I am the boiled frog.*
I have just turned in what I hope is the final version of my dissertation, complete with a Table of Contents and numbered chapters, and I did so without any fight left in me, because in the end, I just want to graduate. (You can see my petition to leave out the TOC in a previous post.)
I feel a little sad, a little defeated. I was unable to make any sort of meaningful change–the very kind of change my dissertation argues for, no less.
Anxiety has slowly pushed me down the slope toward graduation and submission. Not the submit-the-work kind of submission but the submit-to-the-powers-that-be kind of submission. The sad, pathetic kind.
Because I want to graduate.
And I didn’t even get an ass-kickin’ rejection letter from Columbia. All I got was this pen.
(Sorry. Momentarily channeling, and yet misquoting, Lloyd Dobbler.
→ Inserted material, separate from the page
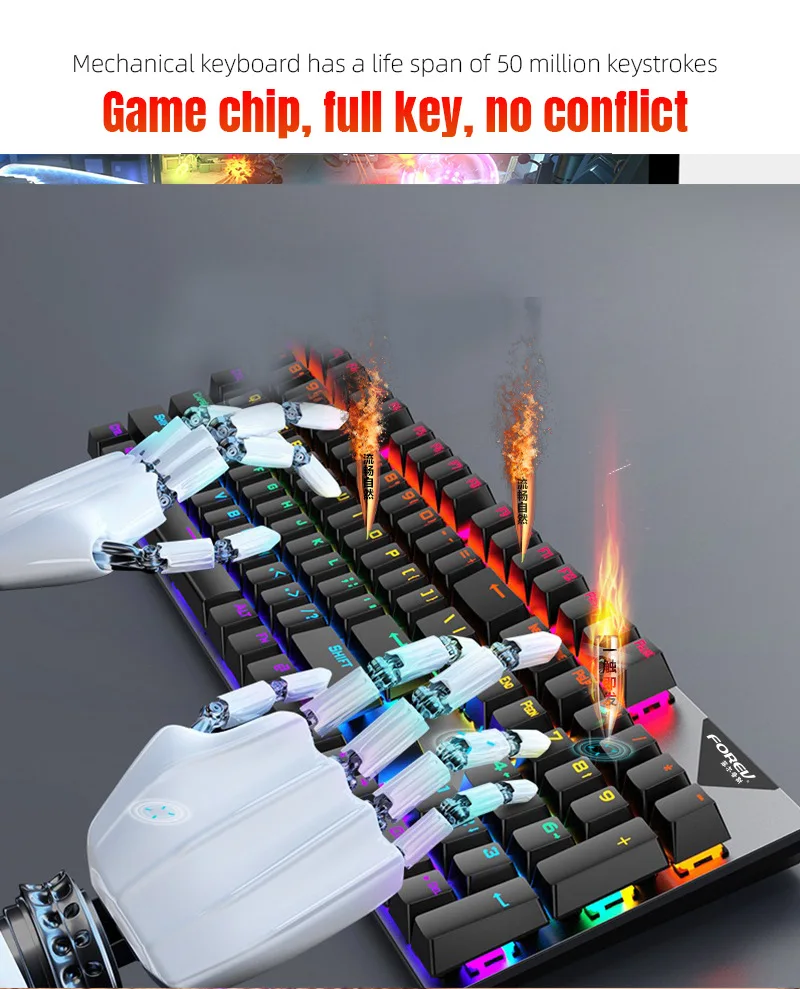 Teclado mecánico con cable de 104 teclas, ratón, juego impermeable, conmutación de 800-1600DPI, luz de fondo RGB USB para juegos, escritura de oficina - imagen 4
But the tone! The tone!)
All I got, from the nameless, faceless, “Faculty Committee on the EdD,” was this:
The Faculty Committee on the EdD has reviewed your request and dissertation manuscript. While the Committee understands the basis for the request, on review it has been determined that a more formal Table of Contents would be appropriate. Having said that, it would be sufficient if the Table of Contents had the following:
I Introduction
II (whatever label or title would be appropriate)
Underneath II, the indented subheadings which would list the existing section titles and page numbers (basically a list of the stories by page number).
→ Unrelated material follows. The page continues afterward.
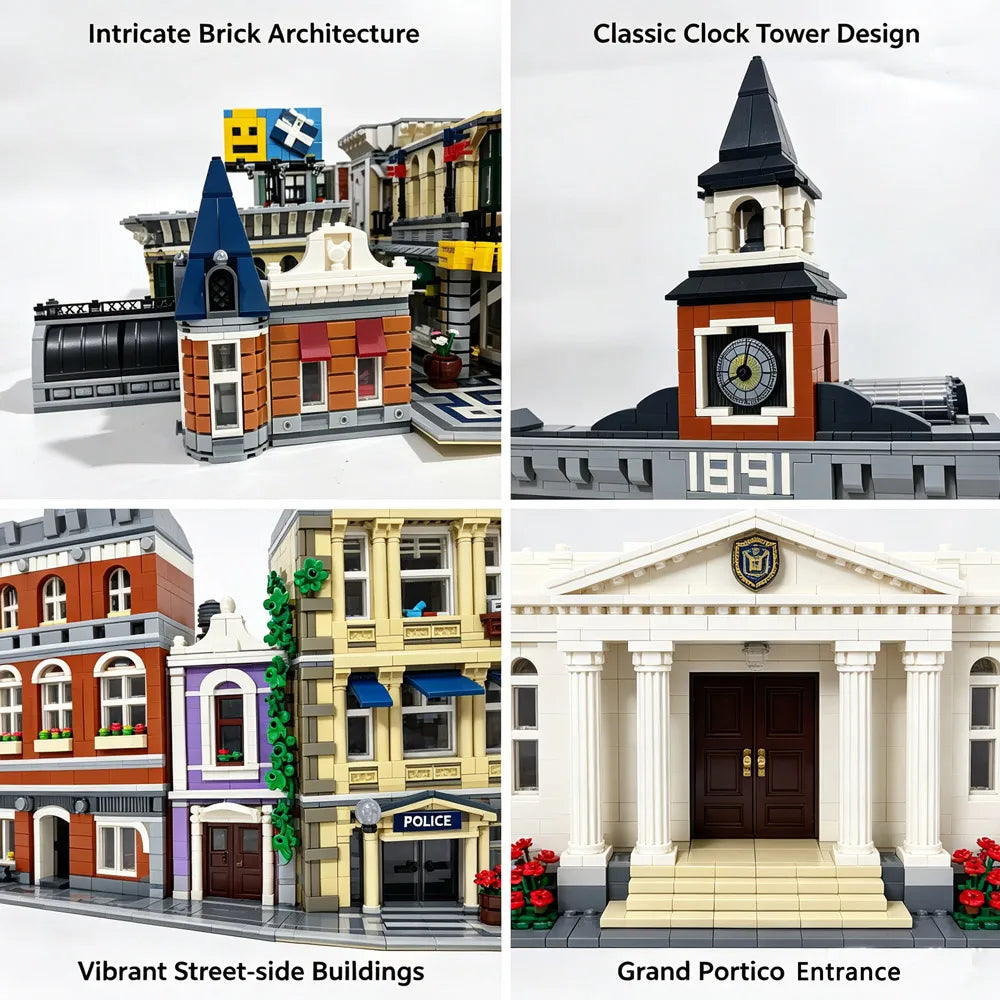 Grand Emporium City House Street View Building Blocks Set With Police Station And Town Hall Models For Display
In addition, you must indicate a Reference section in the Table of Contents to match the formatting of the example in the back of the Style Manual.
Also, please confirm the style sheet you were following for references. The Committee has asked that you assure consistent use of that style sheet throughout.
If you have any questions, please let me know.
Thanks,
(I’ll spare the guy who sent the letter and leave off his name. But let me say this: this letter, all 148 glorious words of it, had to come from the Faculty Committee on the EdD, to the Office of Doctoral Services, hence forth known as ODS, where it was rewritten, and then submitted to the boss of ODS, where it was revised, and then submitted to the Office of the Registrar, where it was approved, and then sent back to ODS, from whence it was sent to be me–all of which took four (4!) days, not counting the month during which the nameless, faceless committee deliberated.)
I have been gate-kept.
No reasons. No engagement with my arguments. Just, “Okay, but do it anyway.”
And I did.
I wanted it that bad.
(Pause here for sad reflection on the state of American education. Think of Paulo Freire. Make rubber bracelet with initials, “WWPFD?” Send note to the Faculty Committee on the EdD thanking members for their malefic generosity.)
Whenever I hear about girls spending hours, months, their young lifetimes thinking about and planning their weddings, what they’ll wear, who they’ll marry, who their bridesmaids will be, I feel as though I’ve forgotten to do something.
I am not that girl.
I don’t even know that girl.
But I did spend hours, days, the equivalent of months holed up in empty Teachers College classrooms and at those long wooden library tables reading and writing and trying to understand how poststructural thought and autobiography work together and revising and developing and revising again the pieces of my dissertation.
And I spent a lot of that time daydreaming about the blue robe with the black velvet chevrons on the sleeves, and the little Columbia crowns on the lapels, and the poufy black hat that I’d wear on graduation day, when I got to walk down the aisle and across the altar at St. John the Divine to be hooded and to receive my diploma.
That’s where my daydreaming time was spent, and that’s what got me through. I wanted the darn robe. I wanted St. John the Divine. And now the robe is here, hanging outside my bedroom closet door in all it’s black and blue glory.
And I’m maybe a little bruised by the process.
*Is that a cheap trick**–using your title as your first line? I really like that line. And the title. I couldn’t think of a better one for either. So there.
**Do you remember the band Cheap Trick? Oh yeah. “I want you to want me. I need you to need. . .” Go on. Sing it all day. Stuck. In. Your. Head. (Zahm, I hope you’re reading this, because you do this to me, all the time. All. The. Time.)